Bill Banasiewicz said in the book Rush Visions that "It's better produced than 'Lessons', which immediately precedes it. It is very much in the mode of 'Rivendell' and marks one of the few times that Neil plays in a straight four-time signature."

Robert Telleria, in the book Merely Players, said about the song "once again Geddy proves he's not just a screamer and his lyrics improved."

== Personnel ==
Credits are adapted from 2112 liner notes.

Rush
- Geddy Lee – vocals, bass
- Alex Lifeson – electric and acoustic guitars
- Neil Peart – drums, percussion

Additional musician
- Hugh Syme – Mellotron

==Alice in Chains version==

American rock band Alice in Chains covered the song and released it as a single. The cover was their first studio recording in three years. Their cover was also included on the second disc on the 40th anniversary edition of 2112. Rolling Stone magazine said about the cover: "Singer William DuVall delivers a grittier approach to Geddy Lee's original melody, and Jerry Cantrell spices up the instrumental sections with grandiose, harmonized electric guitar lines."
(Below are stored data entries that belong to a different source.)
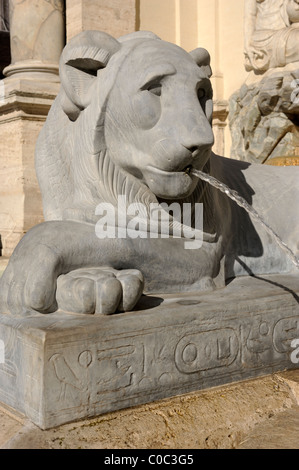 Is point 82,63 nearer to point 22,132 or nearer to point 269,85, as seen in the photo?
point 22,132

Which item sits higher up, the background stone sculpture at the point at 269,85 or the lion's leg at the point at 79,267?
the background stone sculpture at the point at 269,85

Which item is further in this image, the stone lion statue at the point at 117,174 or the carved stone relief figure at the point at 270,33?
the carved stone relief figure at the point at 270,33

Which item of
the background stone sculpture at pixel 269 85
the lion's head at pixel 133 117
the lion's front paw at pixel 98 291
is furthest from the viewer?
the background stone sculpture at pixel 269 85

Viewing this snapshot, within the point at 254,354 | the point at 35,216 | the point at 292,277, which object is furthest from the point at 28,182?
the point at 254,354

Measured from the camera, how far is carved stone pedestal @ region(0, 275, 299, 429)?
175 cm

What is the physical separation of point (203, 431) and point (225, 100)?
751 centimetres

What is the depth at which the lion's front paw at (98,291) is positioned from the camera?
75.0 inches

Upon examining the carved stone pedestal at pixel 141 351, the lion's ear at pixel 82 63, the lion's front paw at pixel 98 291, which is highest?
the lion's ear at pixel 82 63

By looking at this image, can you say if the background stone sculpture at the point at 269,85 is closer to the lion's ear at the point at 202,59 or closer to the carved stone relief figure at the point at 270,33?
the carved stone relief figure at the point at 270,33

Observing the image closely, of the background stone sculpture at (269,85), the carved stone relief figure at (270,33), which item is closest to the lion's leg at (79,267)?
the background stone sculpture at (269,85)

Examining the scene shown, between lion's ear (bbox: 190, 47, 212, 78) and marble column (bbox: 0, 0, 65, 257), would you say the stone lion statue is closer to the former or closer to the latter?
lion's ear (bbox: 190, 47, 212, 78)

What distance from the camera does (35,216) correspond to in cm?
555

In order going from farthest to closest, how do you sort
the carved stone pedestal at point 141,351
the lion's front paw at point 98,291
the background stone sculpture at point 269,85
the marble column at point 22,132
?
the background stone sculpture at point 269,85 → the marble column at point 22,132 → the lion's front paw at point 98,291 → the carved stone pedestal at point 141,351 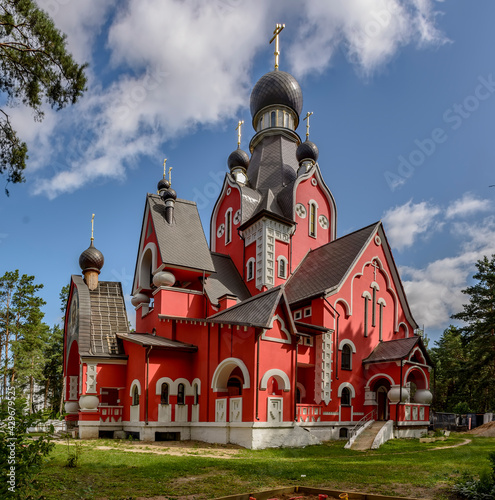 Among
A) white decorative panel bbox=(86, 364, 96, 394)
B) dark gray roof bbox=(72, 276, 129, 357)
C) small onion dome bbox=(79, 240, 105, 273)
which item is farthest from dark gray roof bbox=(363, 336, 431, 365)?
small onion dome bbox=(79, 240, 105, 273)

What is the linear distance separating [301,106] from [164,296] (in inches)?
647

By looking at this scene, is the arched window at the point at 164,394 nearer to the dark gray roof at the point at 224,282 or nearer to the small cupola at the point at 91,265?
the dark gray roof at the point at 224,282

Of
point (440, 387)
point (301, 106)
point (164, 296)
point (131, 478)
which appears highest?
point (301, 106)

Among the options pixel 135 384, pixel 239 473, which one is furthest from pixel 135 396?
pixel 239 473

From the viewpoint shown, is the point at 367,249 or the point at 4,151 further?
the point at 367,249

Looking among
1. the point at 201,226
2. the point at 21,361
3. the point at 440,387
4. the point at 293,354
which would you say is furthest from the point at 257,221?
the point at 440,387

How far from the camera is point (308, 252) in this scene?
78.4 feet

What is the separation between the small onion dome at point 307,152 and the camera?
26.0m

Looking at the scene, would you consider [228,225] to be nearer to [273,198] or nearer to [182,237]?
[273,198]

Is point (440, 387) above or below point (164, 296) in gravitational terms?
below

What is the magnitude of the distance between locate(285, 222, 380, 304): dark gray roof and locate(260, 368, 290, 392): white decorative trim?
4.55 m

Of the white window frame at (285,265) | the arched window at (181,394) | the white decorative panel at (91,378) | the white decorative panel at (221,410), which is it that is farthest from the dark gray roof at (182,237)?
the white decorative panel at (221,410)

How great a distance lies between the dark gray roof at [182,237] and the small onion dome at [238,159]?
505cm

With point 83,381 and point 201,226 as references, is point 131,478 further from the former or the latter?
point 201,226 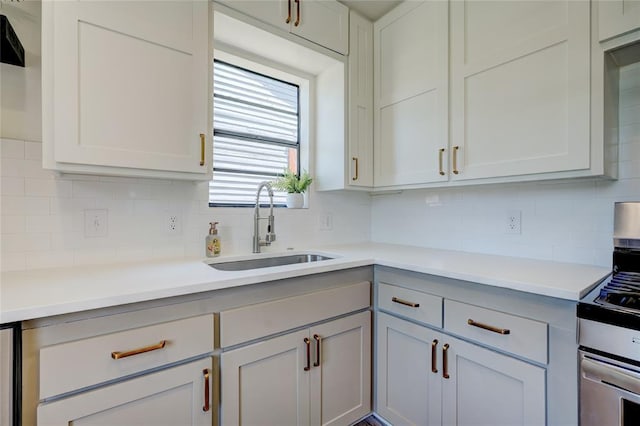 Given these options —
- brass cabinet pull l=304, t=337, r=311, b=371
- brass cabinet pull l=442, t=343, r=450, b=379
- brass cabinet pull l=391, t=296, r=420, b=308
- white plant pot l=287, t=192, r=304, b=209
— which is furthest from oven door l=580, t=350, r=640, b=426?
white plant pot l=287, t=192, r=304, b=209

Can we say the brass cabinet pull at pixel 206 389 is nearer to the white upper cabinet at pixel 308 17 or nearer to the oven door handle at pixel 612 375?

The American horror genre website Bloody Disgusting thought that the band "took the song, which was already mysteriously beautiful and added a slightly eerie element, making the song their own yet still preserving all the identifiable earmarks."

Nerdist said that the cover had "stunning and haunting harmonies that Alice in Chains is known for".

Consequence of Sound said that "while almost an exact recreation of the original, Alice in Chains can't help but put a touch of their own grunge sound on things."